A: The benchmark programs include conversions between array representations. In particular, when divide and conquer algorithms are vectorised, the resulting code increases the nesting level of the source array for every division phase (on the way down), and concatenates the result array on the way back up. We refer to these algorithms as "dynamically nested" for this reason. Both the Tree Lookup and Barnes-Hut benchmarks from Section 7 do this.

As discussed in Section 5.2, concatenation effectively normalises the array, so all the data elements in the result are in one contiguous block of memory. As discussed in Section 4.5 if two arrays are appended then they are given our new blocked representation (with the element data for each source array remaining in its original block). When the appended array is concatenated this normalises it again. The Barnes-Hut benchmark discussed in Section 7.3 uses map, filter, append, concatenate, indexing etc. The full code (minus GUI) is provided in the appendix that we submitted with the paper. Some of these operators don't fuse with each other in the current implementation, which is the main reason why the absolute performance is worse than the reference version. 

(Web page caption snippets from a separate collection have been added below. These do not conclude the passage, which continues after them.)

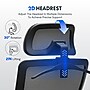 FlexiSpot Ergonomic Mesh Swivel Computer and Desk Chair, Gray (C3G-FM)~#|#~2DC1222B-2F93-434D-AE0E6AB4858764D4_sc7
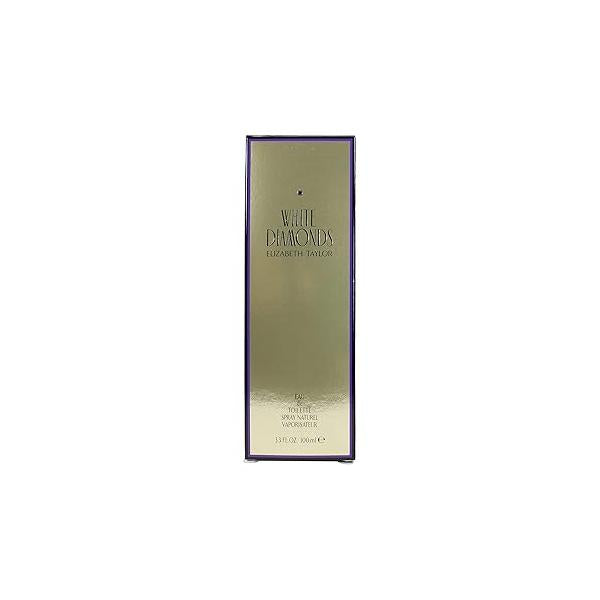Elizabeth Taylor White Diamonds, 3.3 Fluid Ounce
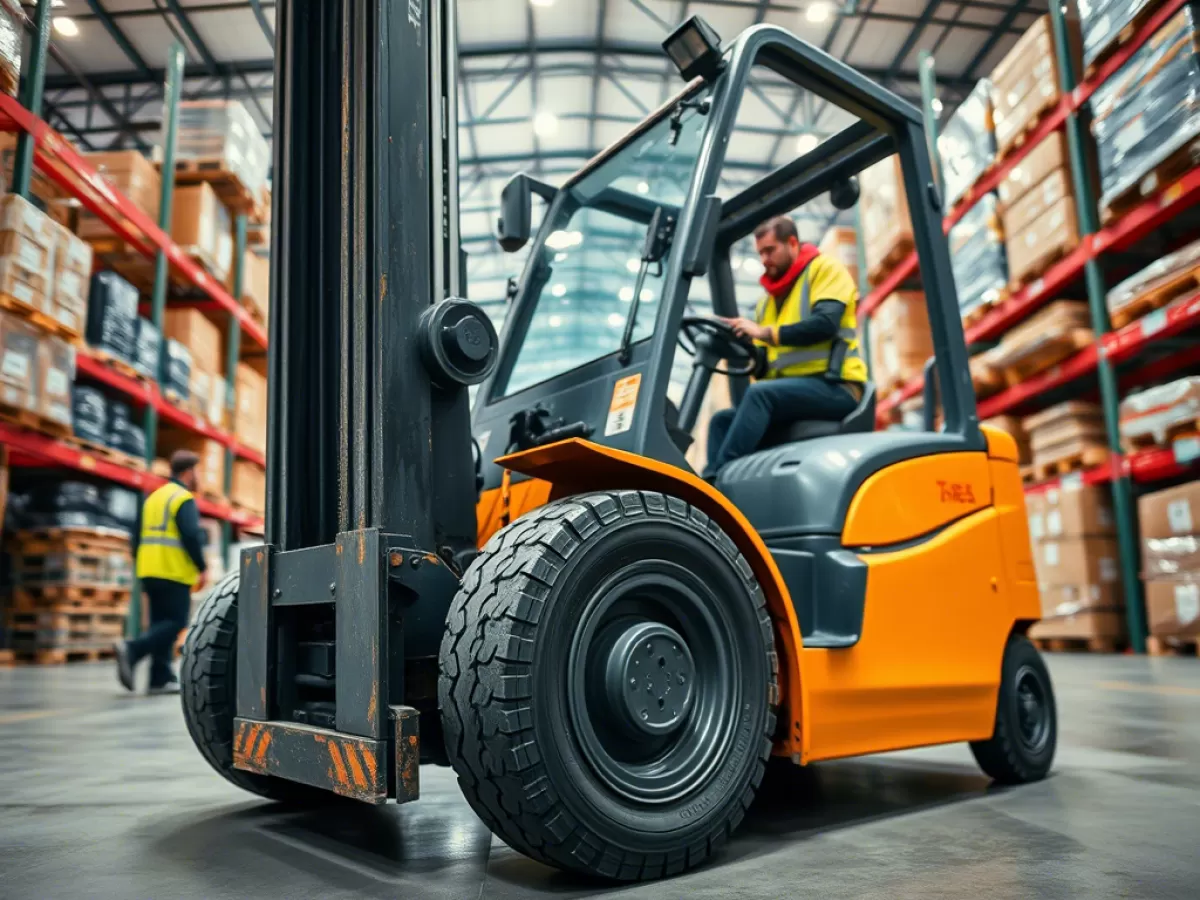 Novas Tecnologias em Rodas para Empilhadeira: O Que Há de Mais Avançado no Mercado?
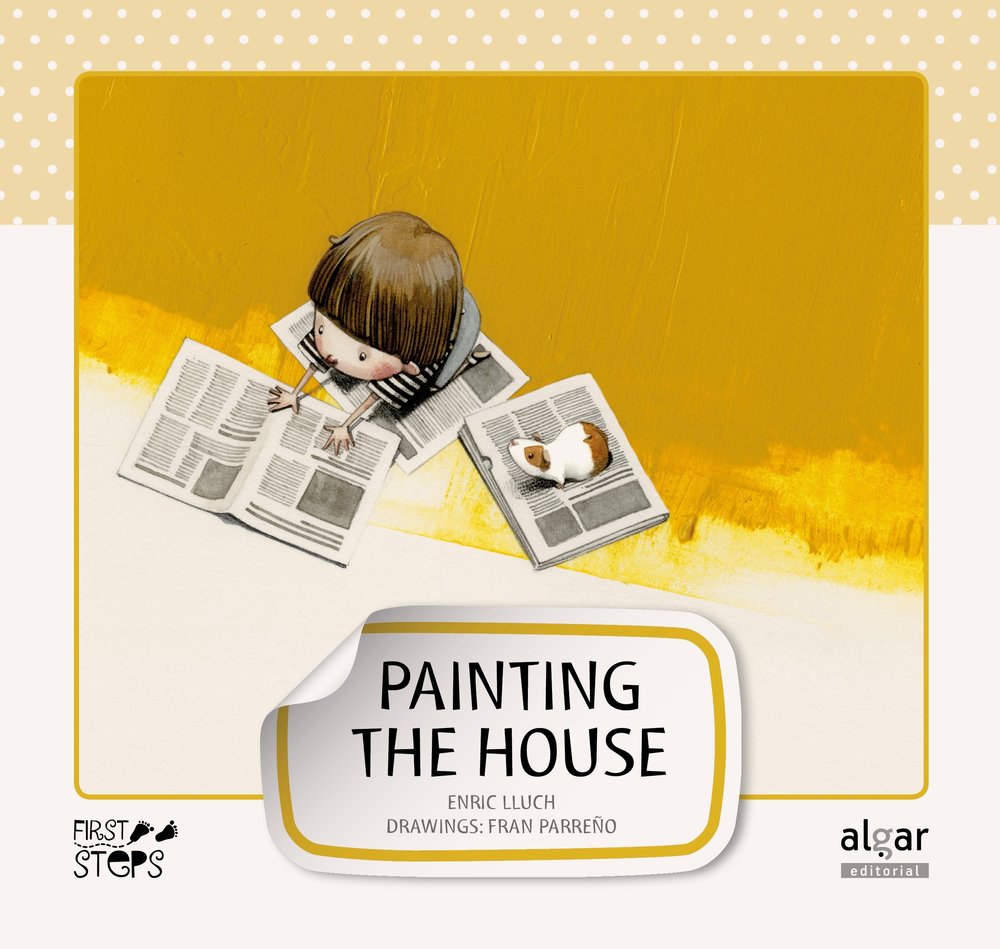 Painting the House, de Enric Lluch | portada del libro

* Reviewer 1 asks how "badly chunked" can the partially flattened array blocks get. They state that "without a benchmark like QuickSort, which has both small and large segments at different points in its execution, it is hard to tell if the transformation will perform well."

A: The chunk size in the array representation will depend on the particular benchmark being run. We could construct a benchmark where every array element lies in its own chunk, or a benchmark where all array elements are in a single chunk. An important point about QuickSort is that the standard formulation doesn't suffer the asymptotic complexity problem to begin with, so there is no reason to use our new array representation for it. As discussed in Section 6, in many cases we can use rewrite rules to avoid using the new representation for operations that don't need it to gain the correct asymptotic complexity.


* Reviewer 1 asks if there is support for performing conversions between the old and new array representations in parallel, and if stream fusion is sufficient for performing these conversions within core loops.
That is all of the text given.